→ **Work task**: In the data, find the word "White" and copy out every line that has it.

→ **Material to process**:

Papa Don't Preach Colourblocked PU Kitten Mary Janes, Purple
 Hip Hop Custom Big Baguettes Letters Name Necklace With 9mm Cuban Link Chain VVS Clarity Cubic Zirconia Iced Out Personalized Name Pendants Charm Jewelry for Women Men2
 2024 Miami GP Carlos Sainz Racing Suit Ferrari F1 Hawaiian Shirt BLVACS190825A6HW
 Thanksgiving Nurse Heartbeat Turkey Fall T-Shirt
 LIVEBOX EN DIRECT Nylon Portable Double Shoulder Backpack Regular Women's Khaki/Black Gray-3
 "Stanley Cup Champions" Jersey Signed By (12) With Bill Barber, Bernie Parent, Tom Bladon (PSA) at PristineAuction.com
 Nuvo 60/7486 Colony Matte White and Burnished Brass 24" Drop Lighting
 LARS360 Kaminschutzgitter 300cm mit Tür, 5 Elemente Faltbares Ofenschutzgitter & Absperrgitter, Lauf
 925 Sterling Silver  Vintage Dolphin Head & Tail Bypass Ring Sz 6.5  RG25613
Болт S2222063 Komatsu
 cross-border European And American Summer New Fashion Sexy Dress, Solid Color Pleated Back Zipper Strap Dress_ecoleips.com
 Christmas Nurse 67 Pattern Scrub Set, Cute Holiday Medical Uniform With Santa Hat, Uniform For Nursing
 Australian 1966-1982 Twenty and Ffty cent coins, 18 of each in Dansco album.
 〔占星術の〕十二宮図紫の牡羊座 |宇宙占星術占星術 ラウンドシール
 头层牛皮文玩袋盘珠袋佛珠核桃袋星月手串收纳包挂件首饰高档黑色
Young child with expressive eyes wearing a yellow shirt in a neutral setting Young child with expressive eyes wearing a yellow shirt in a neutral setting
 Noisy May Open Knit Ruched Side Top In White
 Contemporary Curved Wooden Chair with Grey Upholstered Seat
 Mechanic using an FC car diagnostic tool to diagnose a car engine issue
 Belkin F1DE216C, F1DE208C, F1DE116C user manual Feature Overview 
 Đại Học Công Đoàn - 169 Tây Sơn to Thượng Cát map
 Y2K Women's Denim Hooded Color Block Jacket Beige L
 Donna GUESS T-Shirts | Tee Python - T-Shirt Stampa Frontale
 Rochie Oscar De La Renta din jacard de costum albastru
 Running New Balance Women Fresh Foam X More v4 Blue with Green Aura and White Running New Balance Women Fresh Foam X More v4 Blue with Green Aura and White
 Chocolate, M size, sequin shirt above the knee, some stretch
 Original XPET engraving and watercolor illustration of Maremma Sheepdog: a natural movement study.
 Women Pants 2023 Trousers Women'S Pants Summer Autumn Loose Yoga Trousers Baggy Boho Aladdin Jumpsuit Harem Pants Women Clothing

→ **Result for this task**:
 Nuvo 60/7486 Colony Matte White and Burnished Brass 24" Drop Lighting
 Noisy May Open Knit Ruched Side Top In White
 Running New Balance Women Fresh Foam X More v4 Blue with Green Aura and White Running New Balance Women Fresh Foam X More v4 Blue with Green Aura and White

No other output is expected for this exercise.